Information et propagande

Influencer les esprits

          « La propagande est à la démocratie ce que la violence est à un État totalitaire. »
                                                                                                                                     [Noam Chomsky.]
                             Singulier destin que celui du neveu de Freud, né à Vienne puis exilé aux USA, que l'on peut considérer comme le théoricien des relations humaines, posant les bases des techniques de persuasion pour amener le consommateur vers l'acte d'achat, dans une société qui commence à mettre la consommation comme le but et l'idéal de l'acte citoyen. Un bon américain est un américain qui consomme.
         On peut trouver ici l'oeuvre de celui qui connut la célébrité et fut enrôlé dans de nombreuses causes, pas toujours orthodoxes, et qui disait notamment;
       ... La manipulation consciente, intelligente, des opinions et des habitudes organisées des masses joue un rôle important dans une société démocratique. Ceux qui manipulent ce mécanisme social imperceptible forment un gouvernement invisible qui dirige véritablement le pays.
Nous sommes pour une large part gouvernés par des hommes dont nous ignorons tout, qui modèlent nos esprits, forgent nos goûts, nous soufflent nos idées. C'est là une conséquence logique de l'organisation de notre société démocratique. Cette forme de coopération du plus grand nombre est une nécessité pour que nous puissions vivre ensemble au sein d'une société au fonctionnement bien huilé.
Le plus souvent, nos chefs invisibles ne connaissent pas l'identité des autres membres du cabinet très fermé auquel ils appartiennent.
       Ils nous gouvernent en vertu de leur autorité naturelle, de leur capacité à formuler les idées dont nous avons besoin, de la position qu'ils occupent dans la structure sociale. Peu importe comment nous réagissons individuellement à cette situation puisque dans la vie quotidienne, que l'on pense à la politique ou aux affaires, à notre comportement social ou à nos valeurs morales, de fait nous sommes dominés par ce nombre relativement restreint de gens – une infime fraction des cent vingt millions d'habitants du pays – en mesure de comprendre les processus mentaux et les modèles sociaux des masses. Ce sont eux qui tirent les ficelles : ils contrôlent l'opinion publique, exploitent les vieilles forces sociales existantes, inventent d'autres façons de relier le monde et de le guider....
   Edward Bernays fut un des premiers à mesurer la force que pouvait avoir sur des esprits non critiques les idées au service d'une cause.
   Bernays, tout au long de sa vie, va user d’une doctrine parfois froide et assez cynique doublée d’une justification idéologique basée sur le long terme, afin de justifier ses agissements.
   Il considère sa tâche comme un effort à long terme destiné à l’avènement doucement forcé d’une démocratie basée sur l’économie et le commerce dirigé par une élite.
    Il pose assez honnêtement et naïvement d’ailleurs, comme postulat, le fait que la masse est incapable de parvenir à un état de paix collective et de bonheur par elle-même, et que donc cette masse a besoin d’une élite qui la contrôle et qui la dirige à son insu en ce qui concerne les décisions importantes.
    Pour lui le bon sens commun n’existe pas, et s’il existe, il ne peut porter l’appellation "bon sens" car il induit un mode de consommation trop lent pour les capacités industrielles et leur besoin de croissance... Il doit donc être refondu par des élites...
         L'inventeur du marketing connut un destin hors du commun. Avec parfois une singulière conception de la démocratie.
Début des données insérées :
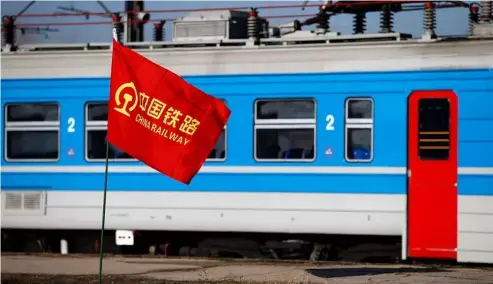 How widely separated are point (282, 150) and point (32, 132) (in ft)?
14.2

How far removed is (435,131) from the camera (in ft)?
54.7

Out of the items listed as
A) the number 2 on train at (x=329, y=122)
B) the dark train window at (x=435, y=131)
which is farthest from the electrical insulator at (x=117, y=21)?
the dark train window at (x=435, y=131)

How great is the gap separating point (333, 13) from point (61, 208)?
17.7 ft

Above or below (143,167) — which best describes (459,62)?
above

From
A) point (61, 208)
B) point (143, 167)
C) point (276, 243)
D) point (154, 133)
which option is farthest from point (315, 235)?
point (154, 133)

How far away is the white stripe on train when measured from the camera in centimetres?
1670

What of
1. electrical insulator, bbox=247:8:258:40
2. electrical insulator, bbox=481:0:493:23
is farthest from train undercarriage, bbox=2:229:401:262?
electrical insulator, bbox=481:0:493:23

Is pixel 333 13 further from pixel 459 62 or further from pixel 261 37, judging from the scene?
pixel 459 62

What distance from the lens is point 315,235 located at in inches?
699

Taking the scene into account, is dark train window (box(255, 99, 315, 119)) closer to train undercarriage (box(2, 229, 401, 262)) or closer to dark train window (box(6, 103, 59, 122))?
train undercarriage (box(2, 229, 401, 262))

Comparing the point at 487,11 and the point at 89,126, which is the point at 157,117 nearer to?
the point at 89,126

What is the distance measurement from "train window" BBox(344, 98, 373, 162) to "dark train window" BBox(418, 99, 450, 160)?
790 mm

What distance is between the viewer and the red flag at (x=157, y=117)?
12.3 meters

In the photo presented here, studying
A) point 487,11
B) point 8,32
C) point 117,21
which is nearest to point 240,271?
point 487,11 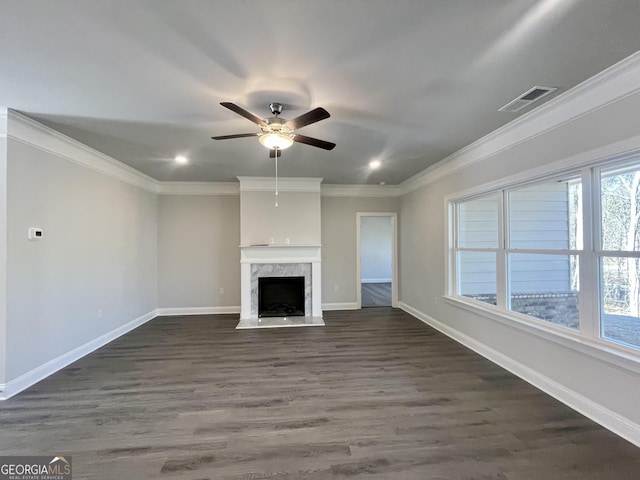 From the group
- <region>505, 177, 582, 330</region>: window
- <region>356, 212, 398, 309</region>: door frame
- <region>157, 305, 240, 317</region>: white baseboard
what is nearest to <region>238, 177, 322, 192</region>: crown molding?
<region>356, 212, 398, 309</region>: door frame

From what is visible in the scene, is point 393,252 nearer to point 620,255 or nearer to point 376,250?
point 376,250

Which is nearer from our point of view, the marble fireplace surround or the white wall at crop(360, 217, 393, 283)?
the marble fireplace surround

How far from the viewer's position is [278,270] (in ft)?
17.6

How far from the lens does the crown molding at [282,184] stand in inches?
208

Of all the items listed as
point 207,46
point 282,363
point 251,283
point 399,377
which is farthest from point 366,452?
point 251,283

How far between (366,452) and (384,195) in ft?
16.6

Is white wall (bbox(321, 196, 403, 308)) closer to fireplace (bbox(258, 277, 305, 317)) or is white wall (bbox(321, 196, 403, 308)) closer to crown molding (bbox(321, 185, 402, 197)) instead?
crown molding (bbox(321, 185, 402, 197))

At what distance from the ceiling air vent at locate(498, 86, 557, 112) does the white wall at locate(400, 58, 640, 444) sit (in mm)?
246

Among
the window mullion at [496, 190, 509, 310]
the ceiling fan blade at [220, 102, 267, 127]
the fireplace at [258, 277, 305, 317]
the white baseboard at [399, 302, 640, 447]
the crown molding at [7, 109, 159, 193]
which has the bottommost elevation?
the white baseboard at [399, 302, 640, 447]

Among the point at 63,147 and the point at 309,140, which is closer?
the point at 309,140

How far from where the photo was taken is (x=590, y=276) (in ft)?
7.65

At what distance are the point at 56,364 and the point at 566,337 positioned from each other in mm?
5131

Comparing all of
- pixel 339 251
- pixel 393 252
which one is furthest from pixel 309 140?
pixel 393 252

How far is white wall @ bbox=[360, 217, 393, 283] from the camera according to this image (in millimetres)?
10078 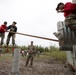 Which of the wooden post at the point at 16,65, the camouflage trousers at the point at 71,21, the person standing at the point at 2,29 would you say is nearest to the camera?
the camouflage trousers at the point at 71,21

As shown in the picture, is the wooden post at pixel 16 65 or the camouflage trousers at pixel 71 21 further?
the wooden post at pixel 16 65

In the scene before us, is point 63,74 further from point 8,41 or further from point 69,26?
point 69,26

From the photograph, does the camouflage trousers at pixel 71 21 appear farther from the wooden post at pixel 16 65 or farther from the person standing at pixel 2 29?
the person standing at pixel 2 29

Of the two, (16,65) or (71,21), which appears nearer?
(71,21)

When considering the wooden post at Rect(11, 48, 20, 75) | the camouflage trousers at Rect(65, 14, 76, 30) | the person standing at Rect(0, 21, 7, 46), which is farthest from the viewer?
the person standing at Rect(0, 21, 7, 46)

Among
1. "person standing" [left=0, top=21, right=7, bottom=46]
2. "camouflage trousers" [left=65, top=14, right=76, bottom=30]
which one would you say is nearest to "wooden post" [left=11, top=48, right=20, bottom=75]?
"camouflage trousers" [left=65, top=14, right=76, bottom=30]

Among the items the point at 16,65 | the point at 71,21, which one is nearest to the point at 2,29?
the point at 16,65

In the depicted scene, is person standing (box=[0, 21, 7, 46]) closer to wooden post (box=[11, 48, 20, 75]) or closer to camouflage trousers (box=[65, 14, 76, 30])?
wooden post (box=[11, 48, 20, 75])

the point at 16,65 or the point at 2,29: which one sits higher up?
the point at 2,29

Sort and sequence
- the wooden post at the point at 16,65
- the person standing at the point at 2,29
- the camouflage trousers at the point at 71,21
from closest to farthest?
1. the camouflage trousers at the point at 71,21
2. the wooden post at the point at 16,65
3. the person standing at the point at 2,29

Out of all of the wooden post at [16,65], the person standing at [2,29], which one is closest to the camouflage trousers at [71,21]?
Answer: the wooden post at [16,65]

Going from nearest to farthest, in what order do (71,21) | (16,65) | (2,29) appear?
(71,21) < (16,65) < (2,29)

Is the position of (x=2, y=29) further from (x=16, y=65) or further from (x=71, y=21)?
(x=71, y=21)

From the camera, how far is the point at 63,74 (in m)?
15.5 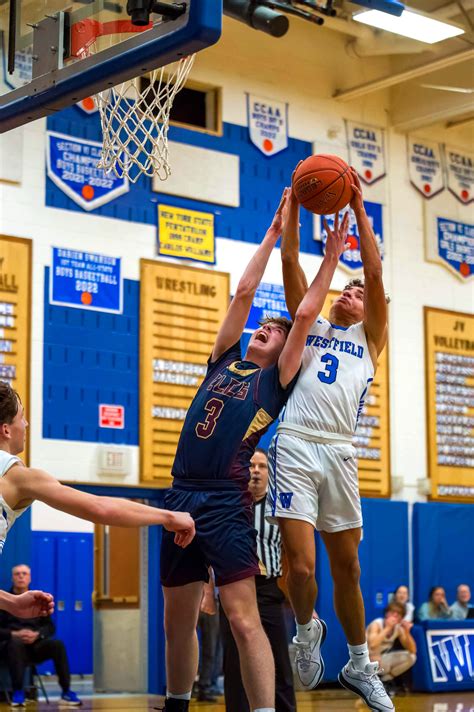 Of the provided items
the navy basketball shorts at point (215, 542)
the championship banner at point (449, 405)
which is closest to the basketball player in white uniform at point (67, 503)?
the navy basketball shorts at point (215, 542)

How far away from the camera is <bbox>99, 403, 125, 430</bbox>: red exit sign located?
44.7 ft

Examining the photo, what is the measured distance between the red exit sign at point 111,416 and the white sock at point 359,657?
7.35 meters

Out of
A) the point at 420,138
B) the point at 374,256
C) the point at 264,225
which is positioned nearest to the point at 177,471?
the point at 374,256

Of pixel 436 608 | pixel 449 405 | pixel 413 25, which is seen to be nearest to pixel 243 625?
pixel 436 608

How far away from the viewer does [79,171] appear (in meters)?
13.8

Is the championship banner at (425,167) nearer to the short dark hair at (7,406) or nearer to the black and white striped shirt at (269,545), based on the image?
the black and white striped shirt at (269,545)

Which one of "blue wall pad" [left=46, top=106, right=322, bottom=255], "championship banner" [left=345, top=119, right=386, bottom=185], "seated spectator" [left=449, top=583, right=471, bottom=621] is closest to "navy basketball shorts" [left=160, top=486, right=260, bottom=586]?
"blue wall pad" [left=46, top=106, right=322, bottom=255]

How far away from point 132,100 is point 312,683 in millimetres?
8337

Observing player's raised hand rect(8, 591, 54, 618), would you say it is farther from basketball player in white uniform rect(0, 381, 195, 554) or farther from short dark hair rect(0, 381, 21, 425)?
short dark hair rect(0, 381, 21, 425)

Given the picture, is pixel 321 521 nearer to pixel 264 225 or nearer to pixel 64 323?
pixel 64 323

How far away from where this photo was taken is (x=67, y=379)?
13.4 metres

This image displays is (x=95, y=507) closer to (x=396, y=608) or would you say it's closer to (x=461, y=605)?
(x=396, y=608)

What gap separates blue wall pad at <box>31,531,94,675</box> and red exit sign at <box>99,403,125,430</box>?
141 cm

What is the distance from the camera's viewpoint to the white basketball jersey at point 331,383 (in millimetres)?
6680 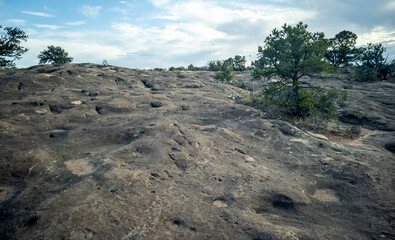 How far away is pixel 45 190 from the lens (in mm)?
3260

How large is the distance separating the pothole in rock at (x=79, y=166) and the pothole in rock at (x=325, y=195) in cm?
438

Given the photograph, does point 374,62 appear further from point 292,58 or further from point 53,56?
point 53,56

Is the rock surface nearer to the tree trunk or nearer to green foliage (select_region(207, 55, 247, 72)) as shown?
the tree trunk

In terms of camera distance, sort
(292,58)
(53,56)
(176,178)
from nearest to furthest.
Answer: (176,178) < (292,58) < (53,56)

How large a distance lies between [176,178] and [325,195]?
296 centimetres

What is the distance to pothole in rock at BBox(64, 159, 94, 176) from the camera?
12.5 feet

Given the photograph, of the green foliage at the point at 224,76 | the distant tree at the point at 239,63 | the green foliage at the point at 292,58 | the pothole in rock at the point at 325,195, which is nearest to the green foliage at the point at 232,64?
the distant tree at the point at 239,63

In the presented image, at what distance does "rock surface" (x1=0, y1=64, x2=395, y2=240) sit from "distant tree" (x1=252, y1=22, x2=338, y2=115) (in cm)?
349

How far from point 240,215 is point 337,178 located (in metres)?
2.89

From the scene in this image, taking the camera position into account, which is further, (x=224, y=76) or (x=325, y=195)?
(x=224, y=76)

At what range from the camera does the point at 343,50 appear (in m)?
28.2

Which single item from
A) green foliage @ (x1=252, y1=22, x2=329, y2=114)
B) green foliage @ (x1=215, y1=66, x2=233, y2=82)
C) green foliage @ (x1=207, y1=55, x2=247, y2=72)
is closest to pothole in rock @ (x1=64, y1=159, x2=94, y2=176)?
green foliage @ (x1=252, y1=22, x2=329, y2=114)

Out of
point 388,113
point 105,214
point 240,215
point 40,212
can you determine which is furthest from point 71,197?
point 388,113

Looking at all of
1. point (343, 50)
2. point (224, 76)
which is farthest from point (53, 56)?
point (343, 50) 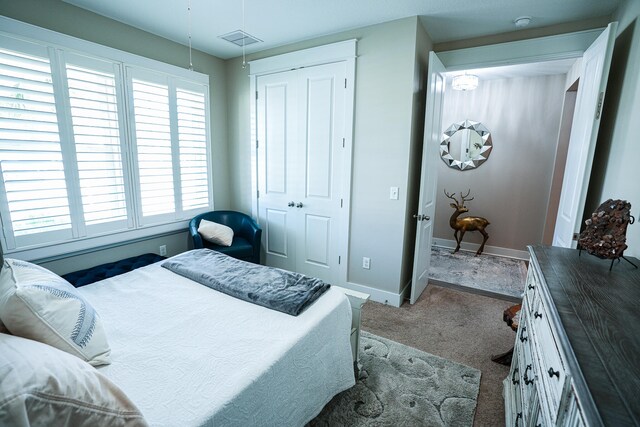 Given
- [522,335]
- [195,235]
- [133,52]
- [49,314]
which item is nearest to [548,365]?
[522,335]

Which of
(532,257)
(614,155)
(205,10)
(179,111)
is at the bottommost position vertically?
(532,257)

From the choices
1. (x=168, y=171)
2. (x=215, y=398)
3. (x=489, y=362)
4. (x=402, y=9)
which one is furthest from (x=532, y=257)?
(x=168, y=171)

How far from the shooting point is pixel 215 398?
1.02 metres

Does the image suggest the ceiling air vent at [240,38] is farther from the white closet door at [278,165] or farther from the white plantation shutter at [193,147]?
the white plantation shutter at [193,147]

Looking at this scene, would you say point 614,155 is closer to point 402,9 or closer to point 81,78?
point 402,9

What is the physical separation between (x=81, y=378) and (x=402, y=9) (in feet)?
9.64

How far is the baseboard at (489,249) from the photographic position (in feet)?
14.7

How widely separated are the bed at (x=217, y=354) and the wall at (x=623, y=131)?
5.34ft

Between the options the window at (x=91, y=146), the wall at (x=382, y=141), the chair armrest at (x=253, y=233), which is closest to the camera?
the window at (x=91, y=146)

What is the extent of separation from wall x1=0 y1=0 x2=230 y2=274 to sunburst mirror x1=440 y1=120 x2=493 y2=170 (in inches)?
134

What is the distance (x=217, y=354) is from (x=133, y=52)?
9.58 feet

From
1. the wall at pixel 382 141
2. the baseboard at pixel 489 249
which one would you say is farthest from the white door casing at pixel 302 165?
the baseboard at pixel 489 249

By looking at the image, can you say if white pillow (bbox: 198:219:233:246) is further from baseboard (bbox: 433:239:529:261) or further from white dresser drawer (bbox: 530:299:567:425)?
baseboard (bbox: 433:239:529:261)

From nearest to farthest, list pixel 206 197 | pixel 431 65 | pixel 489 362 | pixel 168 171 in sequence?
pixel 489 362 < pixel 431 65 < pixel 168 171 < pixel 206 197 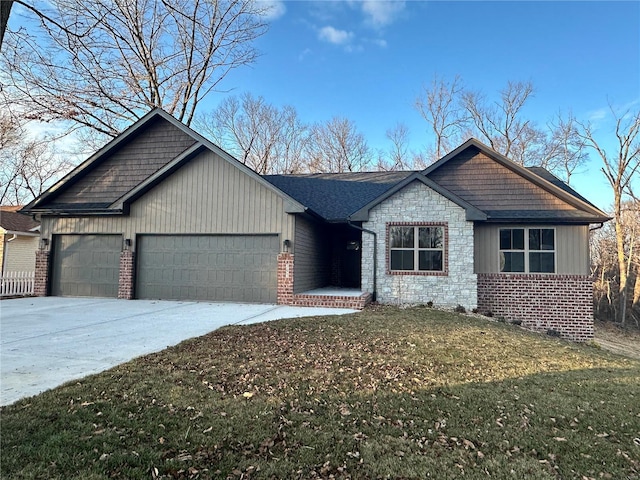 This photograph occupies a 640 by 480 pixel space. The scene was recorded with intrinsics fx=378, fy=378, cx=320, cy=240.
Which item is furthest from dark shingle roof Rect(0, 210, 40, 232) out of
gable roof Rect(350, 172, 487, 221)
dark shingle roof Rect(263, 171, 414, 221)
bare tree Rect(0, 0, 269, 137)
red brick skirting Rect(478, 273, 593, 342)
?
red brick skirting Rect(478, 273, 593, 342)

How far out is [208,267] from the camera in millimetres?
11906

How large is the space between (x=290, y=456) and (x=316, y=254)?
1084cm

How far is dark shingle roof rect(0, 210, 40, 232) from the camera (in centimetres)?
1858

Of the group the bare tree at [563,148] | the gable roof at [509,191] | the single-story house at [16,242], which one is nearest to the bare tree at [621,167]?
the bare tree at [563,148]

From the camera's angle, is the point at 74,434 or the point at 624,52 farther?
the point at 624,52

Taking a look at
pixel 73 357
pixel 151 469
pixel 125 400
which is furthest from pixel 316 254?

  Le storytelling comme méthode gouvernement st issu de ses conceptions et les diverse méthodes de manipulation ne manquèrent d'en tirer parti jusqu'à la caricature. 
   Stratégie que Noam Chomski ne manqua pas de démonter et de stigmatiser, montrant que ces méthodes véhiculent aussi une image du monde, des comportements et des styles de conduite dont l'individu est rarement conscient.
   Au niveau de l' hyperconsommation aussi, dont Benjamin Barber a montré jusqu' à quels abandons de l'esprit critique, à quelle infantilisation  elle pouvait mener.
        Mais ce n'est pas sans consternation que Bernays, dans les années 1930, se rendit compte qu’il avait inspiré Goebbels, mais il en conclut simplement à la nécessité de distinguer entre de bonnes et de mauvaises applications de la propagande [Bernays, 3965, p. 652]. Dès 1932, Goebbels revendiquait l’usage « des méthodes américaines et à l’échelle américaine » pour faire élire Hitler.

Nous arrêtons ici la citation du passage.